Goal of the exercise: Only an exact copy belongs in the answer: the line with "23800 Tiara, Woodland" and every line after it through the end of the records, pictures left out.

Items listed in a dataset:
• • •
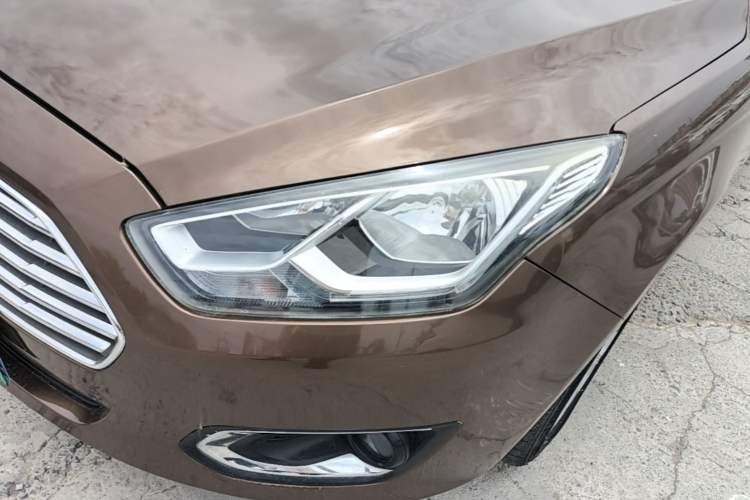 Used Ford Escort 2017 Happiness Edition 1.5L Automatic Fashion Version Left Front Headlight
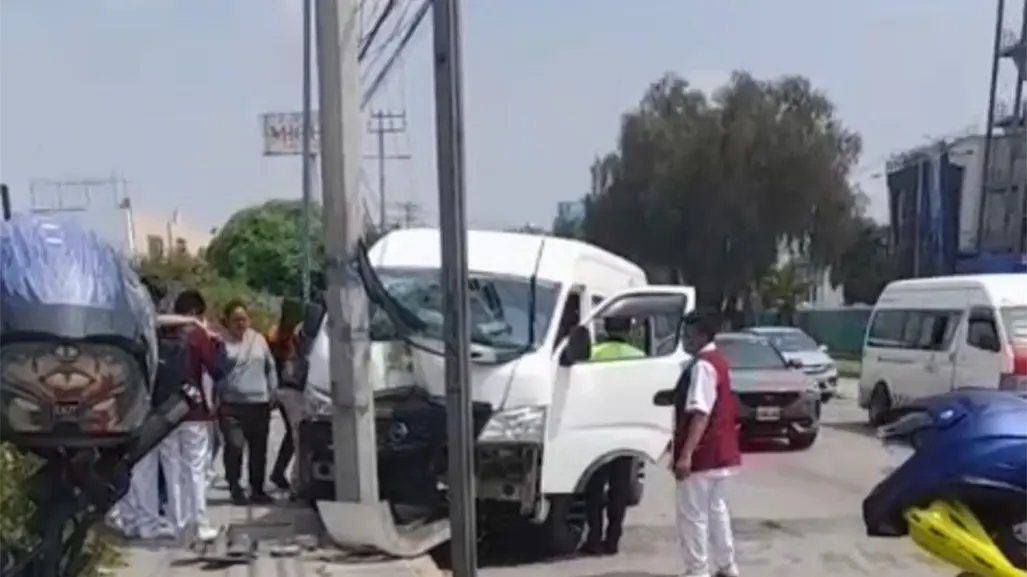 Cinco estudiantes resultan heridos tras choque de transporte escolar en Coacalco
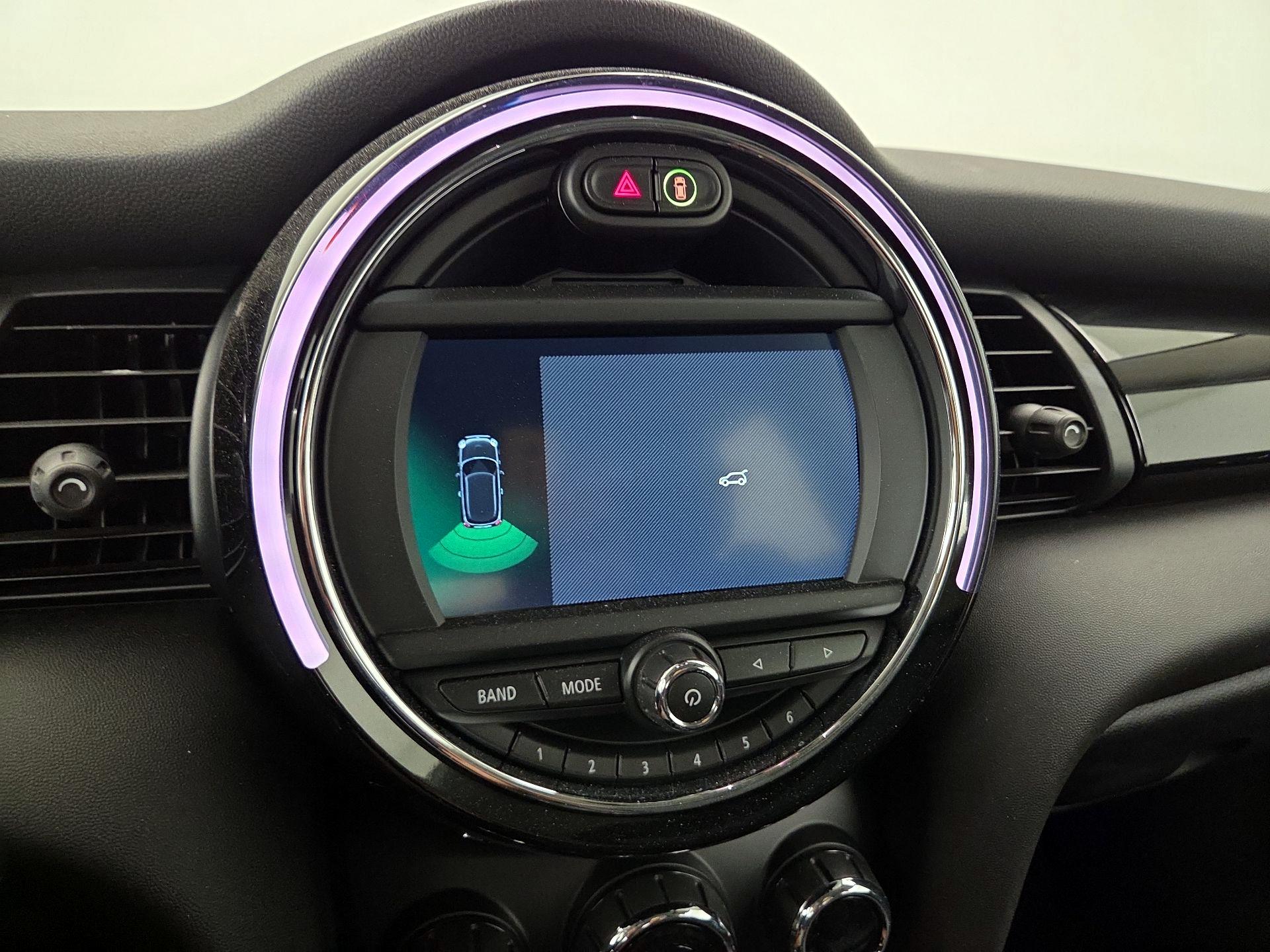 Thumbnail: 2019 MINI Cooper Hardtop - 14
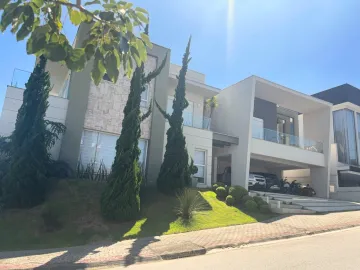 Casa em condomínio fechado em São José dos Campos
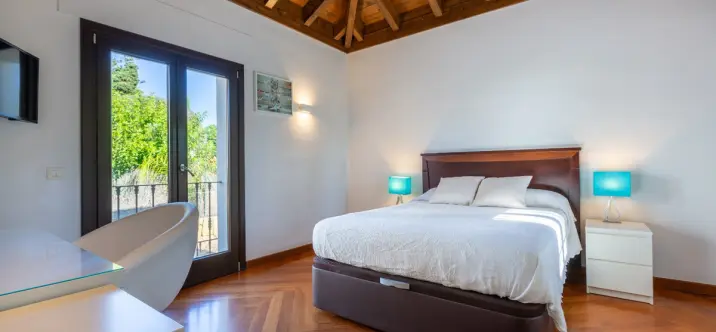 Long-term rent of detached villa in Guadalmina Baja 4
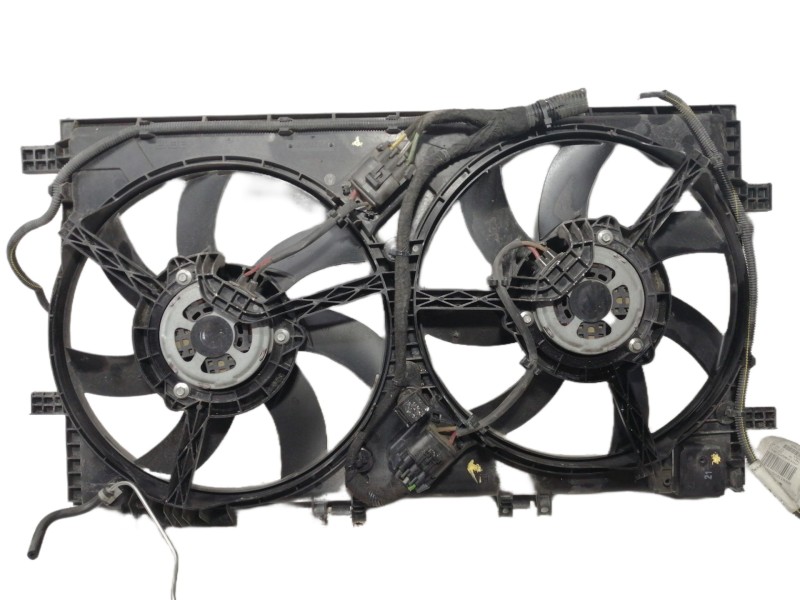 Recambio de electroventilador para opel insignia sports tourer 2.0 16v cdti referencia OEM IAM 13223019 P0270003 P8660004 005586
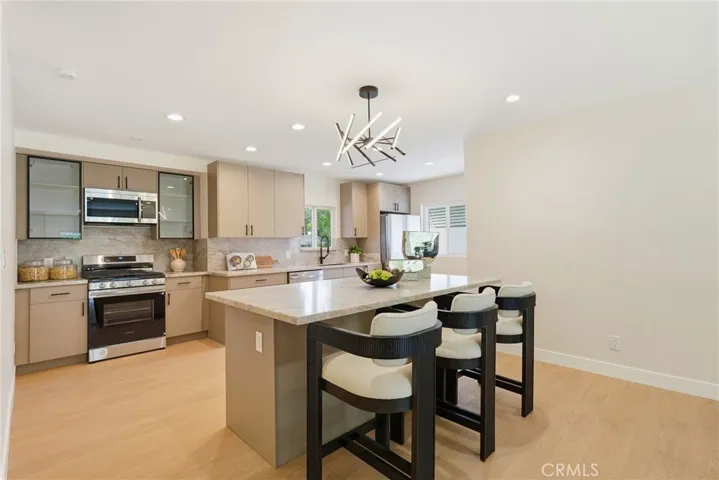 23800 Tiara, Woodland Hills, California 91367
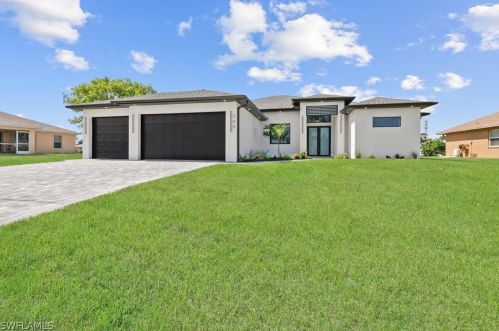 705 21st St, Cape Coral, FL 33990-0033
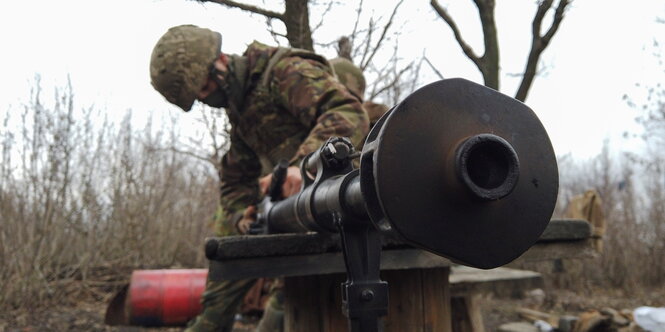 Ein ukrainischer Soldat beim Reinigen einer Panzerfaust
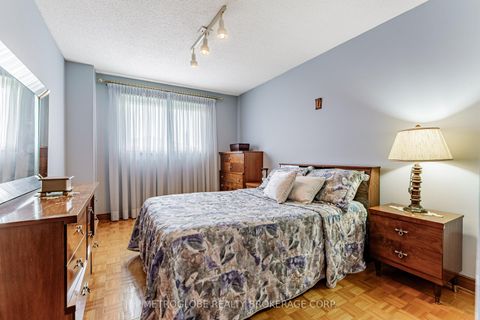 Photo 21 at 411 Forest Drive, West Woodbridge, Vaughan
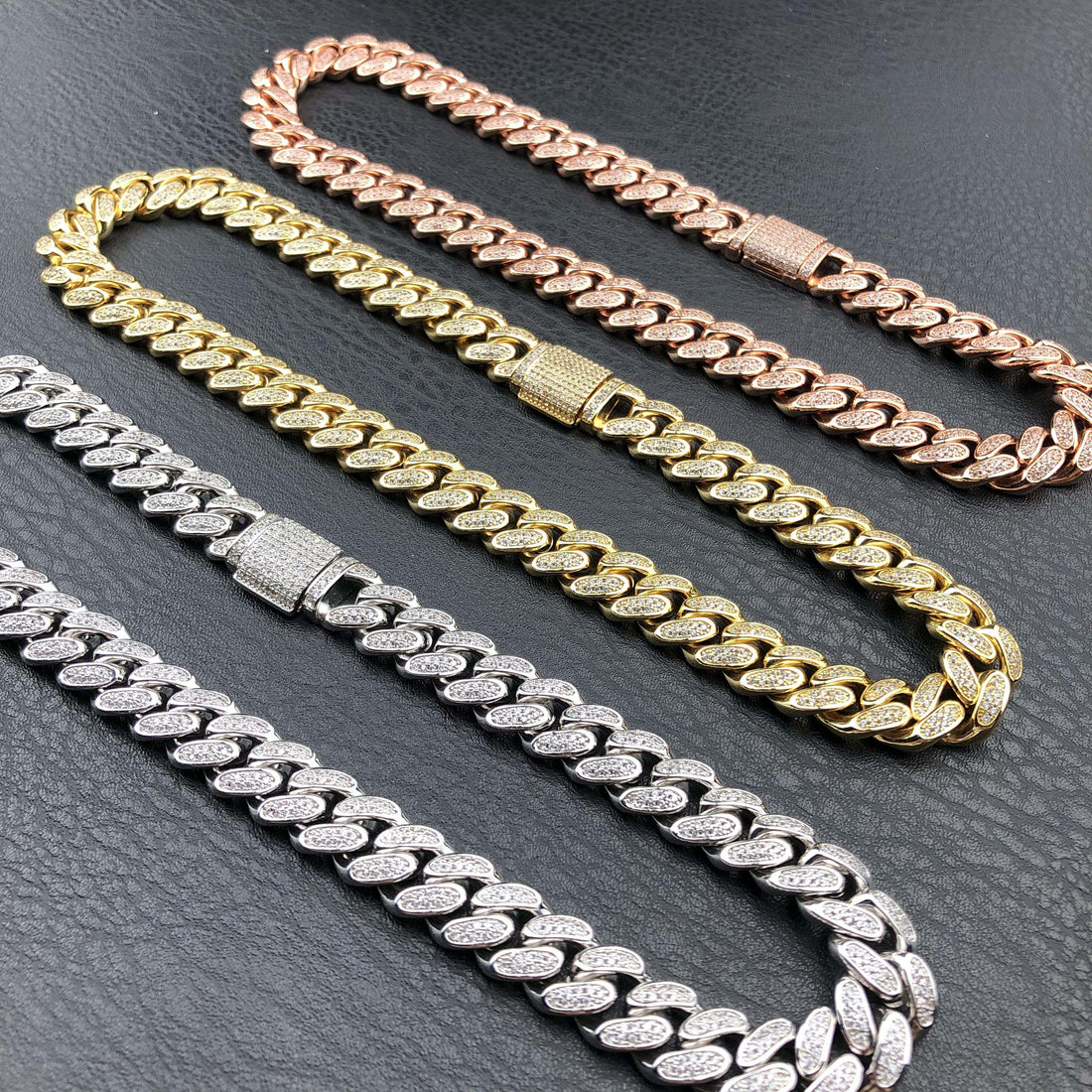 12 mm diamanten Cubaanse ketting in witgoud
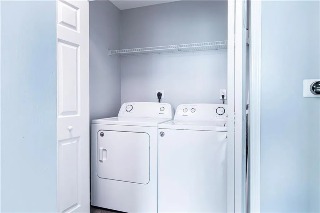 inunit laund.jpg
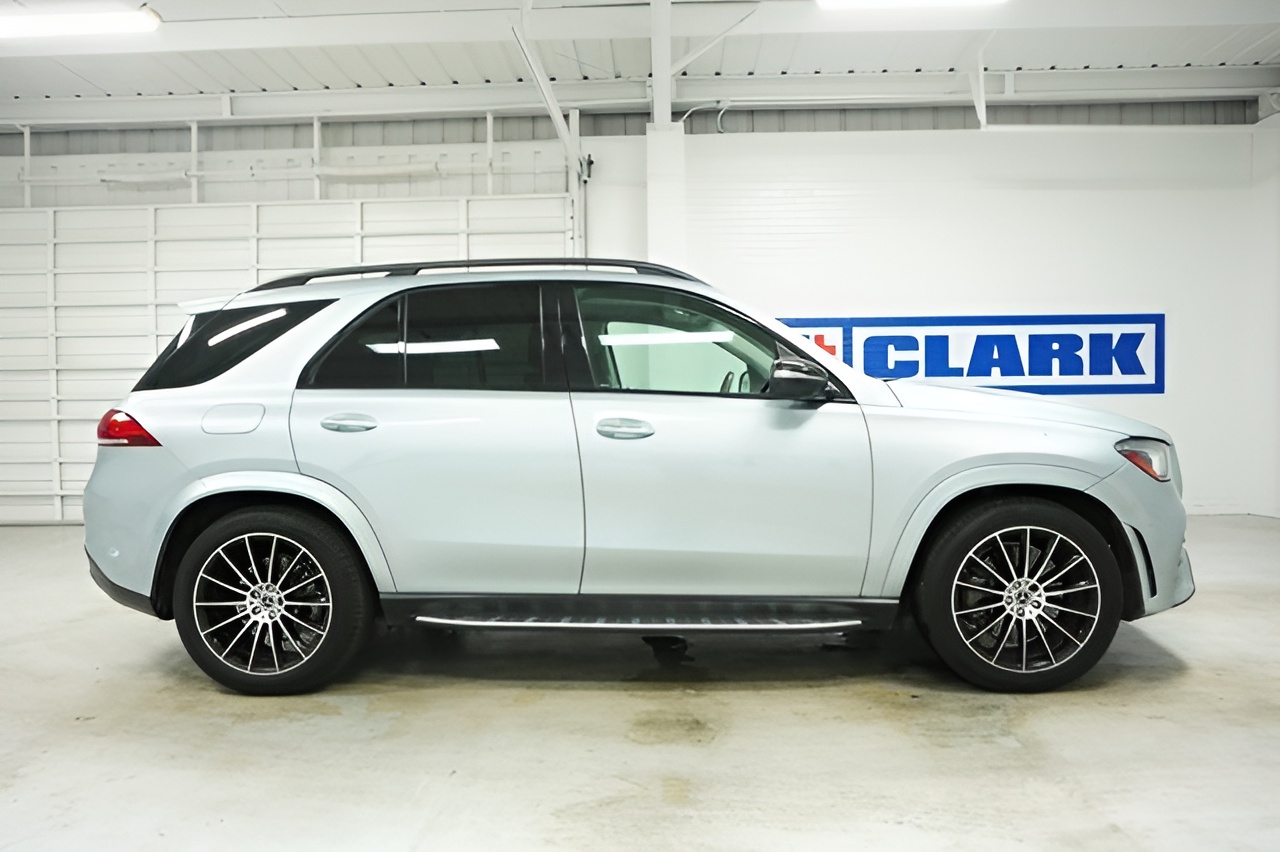 Vehicle image 46 of 50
• • •
Output of the task:
 23800 Tiara, Woodland Hills, California 91367
 705 21st St, Cape Coral, FL 33990-0033
 Ein ukrainischer Soldat beim Reinigen einer Panzerfaust
 Photo 21 at 411 Forest Drive, West Woodbridge, Vaughan
 12 mm diamanten Cubaanse ketting in witgoud
 inunit laund.jpg
 Vehicle image 46 of 50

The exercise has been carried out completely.